**Directions**
Drop the pictures and restate the rest of the listing word for word.

**Data to use**
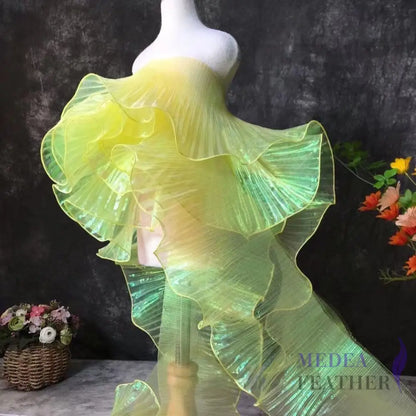 Iridescent Gradient Transparent Organza Fabric-1 Meter - Yellow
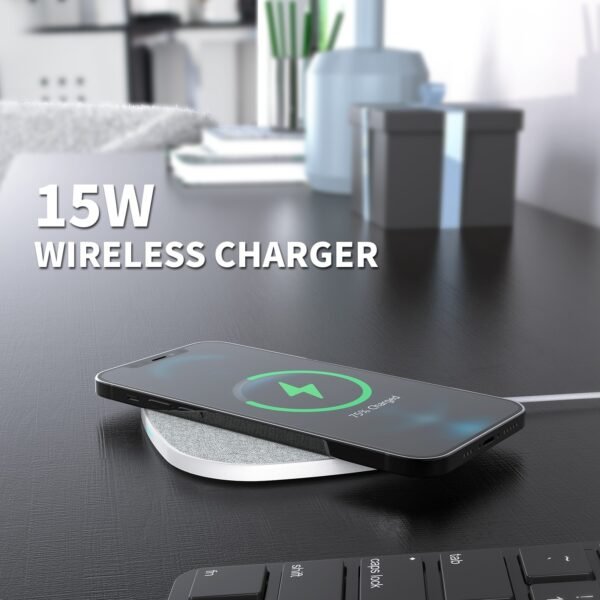 15W QI WIRELESS CHARGER & 5FT TYPE-C CHARGING CABLE - Image 3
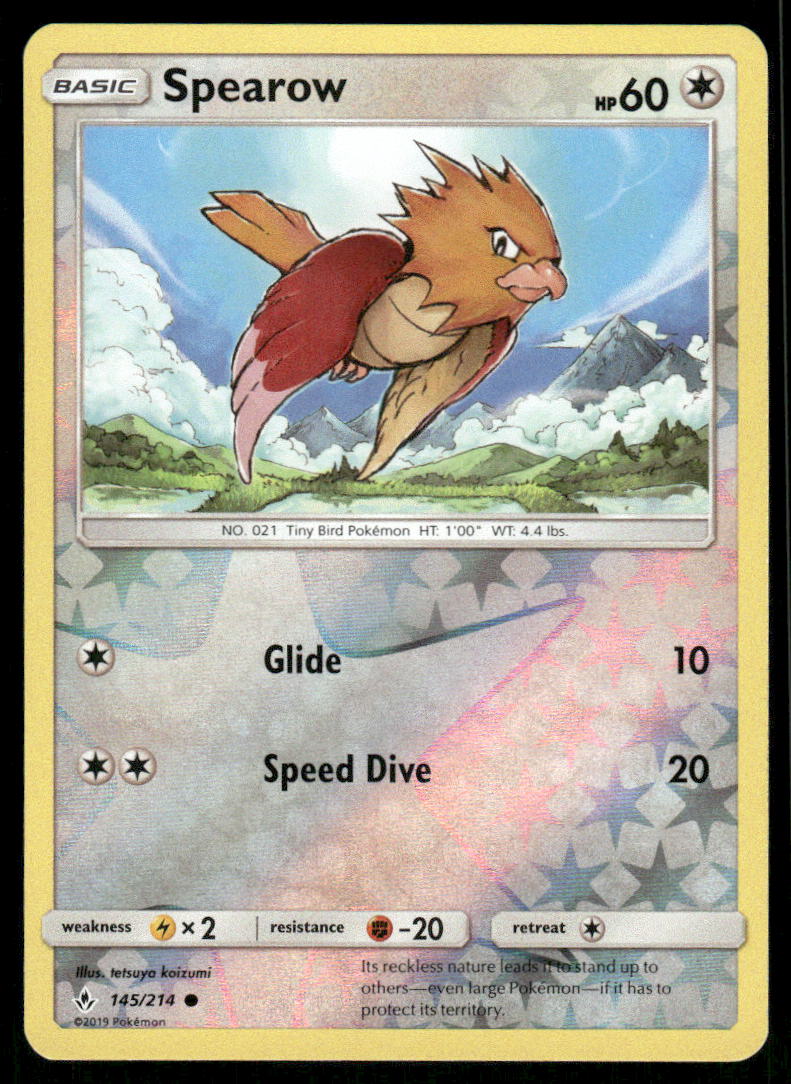Pokemon Cards Spearow 145/214 Reverse Holo Unbroken Bonds Common NM0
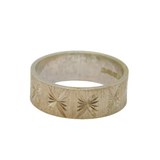 Sterling Silver Starburst Pattern Etched Band Wedding Ring Vintage 1979 Size L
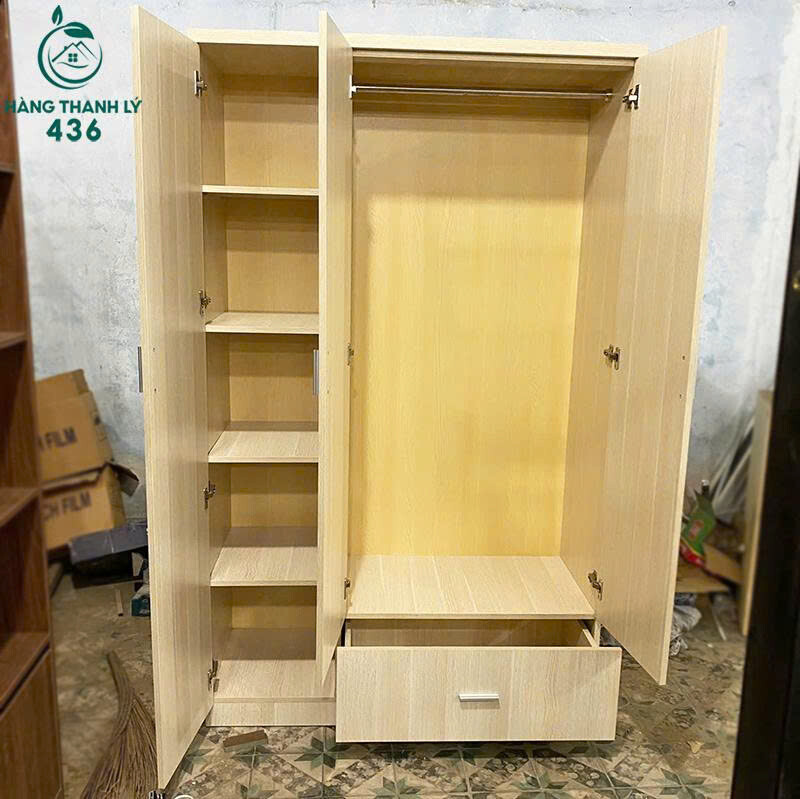 Tủ Quần Áo Gỗ Tích Hợp Ngăn Treo Và Ngăn Kéo Mới 99% tu-quan-ao-3-2 Tủ Quần Áo Gỗ Tích Hợp Ngăn Treo Và Ngăn Kéo Mới 99%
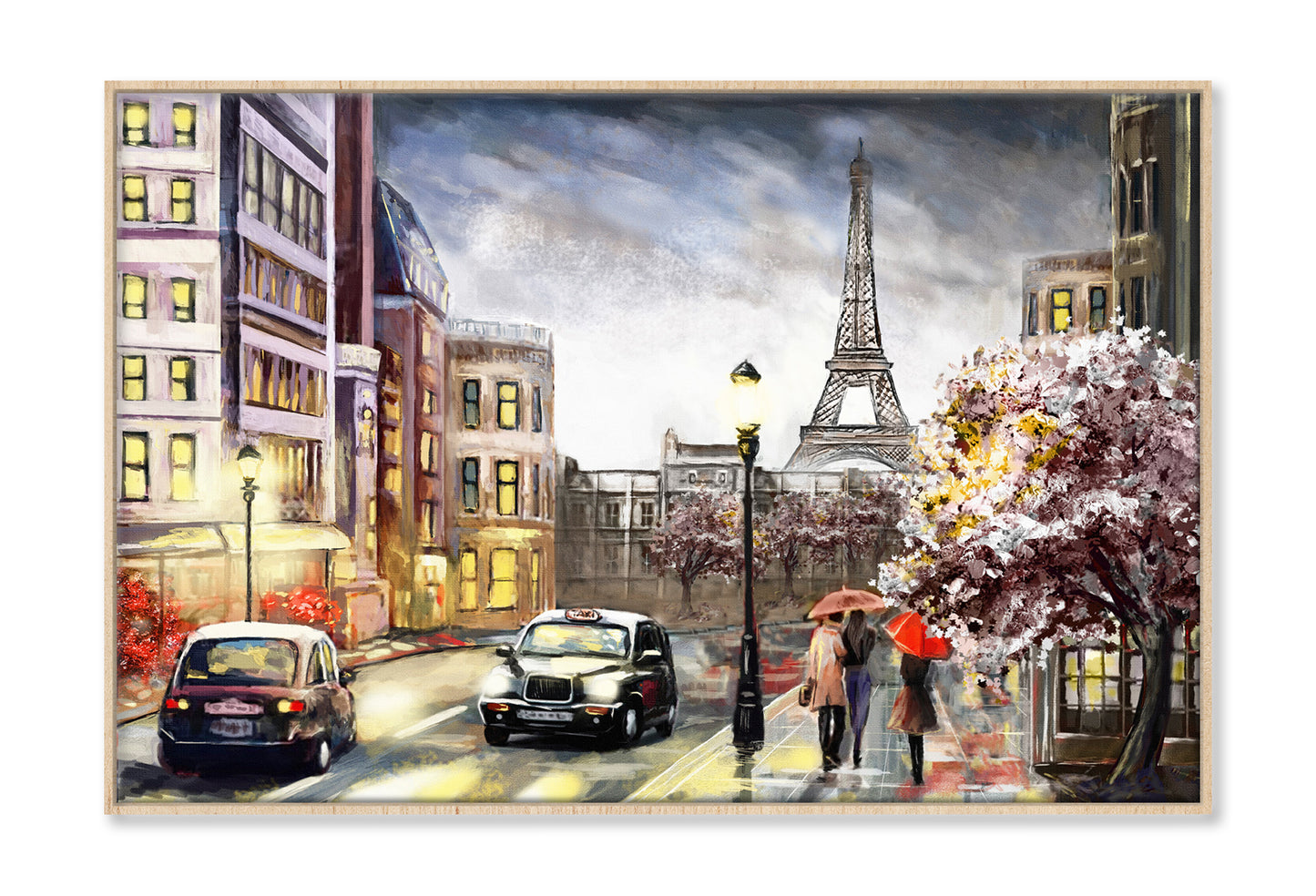 Paris Street Eiffel Tower & People Watercolor Painting Wall Art Limited Edition High Quality Print Canvas Box Framed Natural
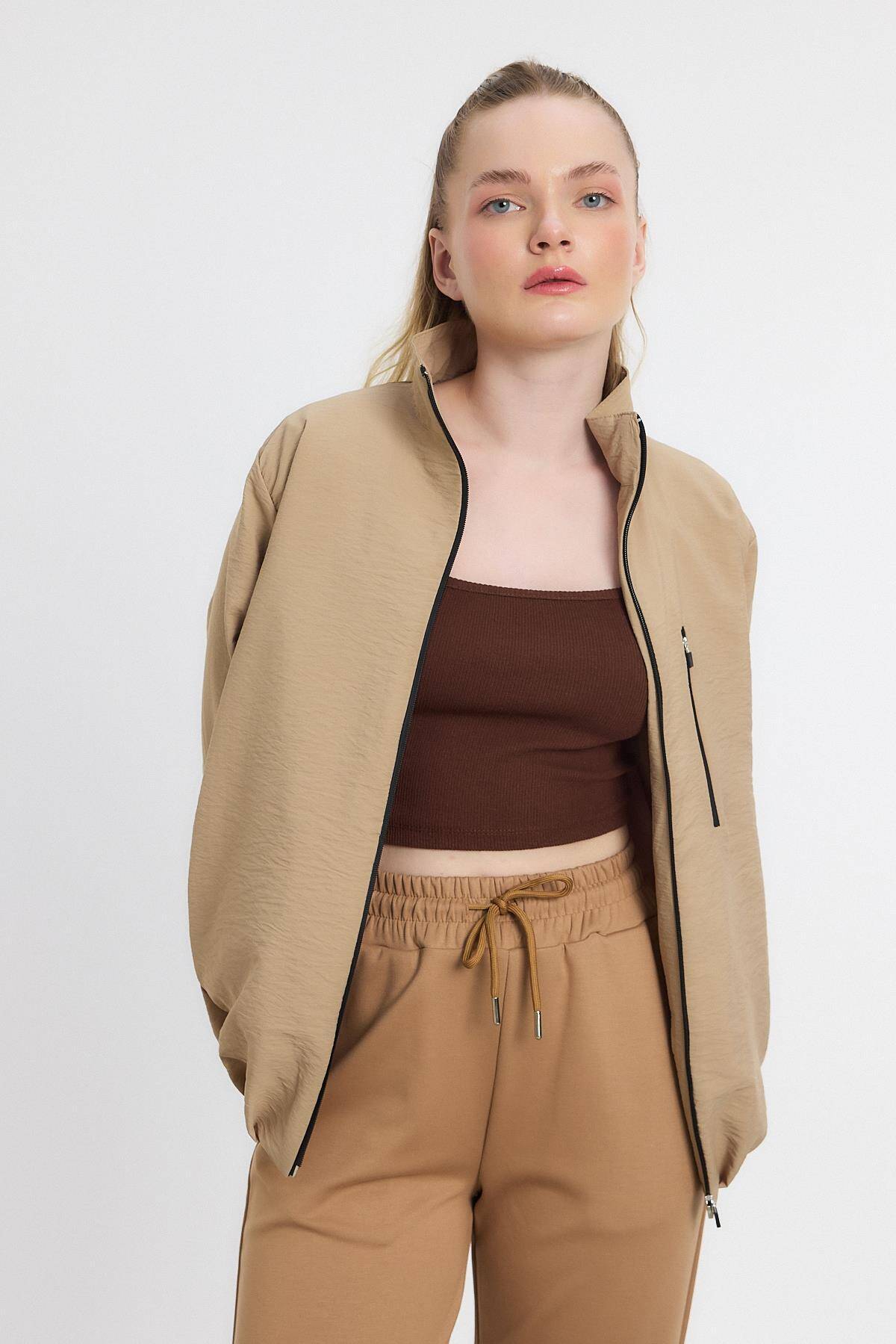 4611A Kol Lastikli Cepli Ceket Vizon - Stilay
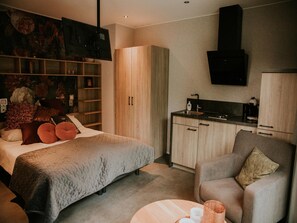 A modern bedroom with a bed, a sofa, a built-in wardrobe, and a kitchenette. - Luxury Holiday Loft in Si-es-an (Balkbrug)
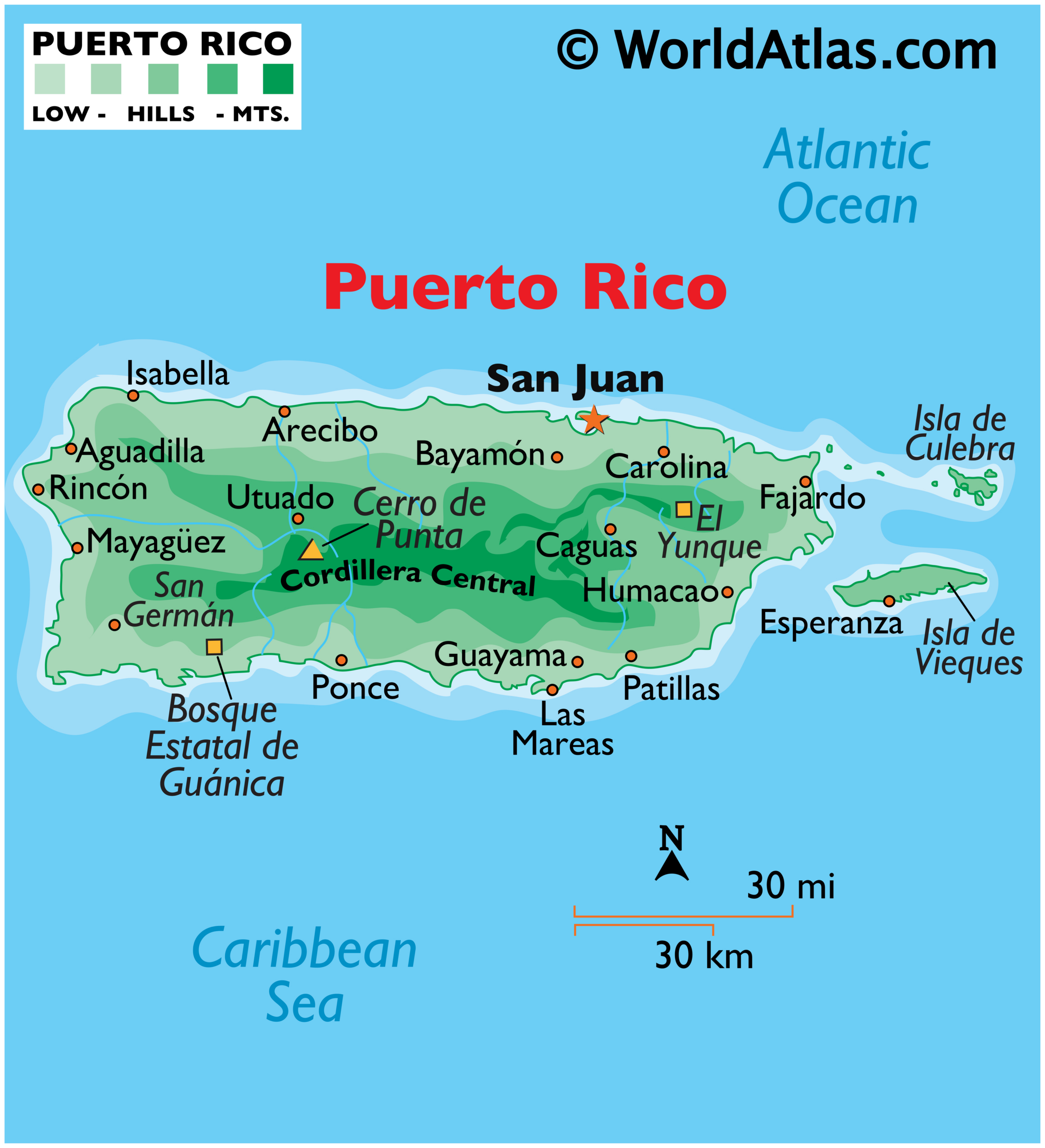 Puerto Rico Maps & Facts - World Atlas throughout Free Printable Map of Puerto Rico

**Response**
 Iridescent Gradient Transparent Organza Fabric-1 Meter - Yellow
 15W QI WIRELESS CHARGER & 5FT TYPE-C CHARGING CABLE - Image 3
Pokemon Cards Spearow 145/214 Reverse Holo Unbroken Bonds Common NM0
 Sterling Silver Starburst Pattern Etched Band Wedding Ring Vintage 1979 Size L
 Tủ Quần Áo Gỗ Tích Hợp Ngăn Treo Và Ngăn Kéo Mới 99% tu-quan-ao-3-2 Tủ Quần Áo Gỗ Tích Hợp Ngăn Treo Và Ngăn Kéo Mới 99%
 Paris Street Eiffel Tower & People Watercolor Painting Wall Art Limited Edition High Quality Print Canvas Box Framed Natural
 4611A Kol Lastikli Cepli Ceket Vizon - Stilay
 A modern bedroom with a bed, a sofa, a built-in wardrobe, and a kitchenette. - Luxury Holiday Loft in Si-es-an (Balkbrug)
 Puerto Rico Maps & Facts - World Atlas throughout Free Printable Map of Puerto Rico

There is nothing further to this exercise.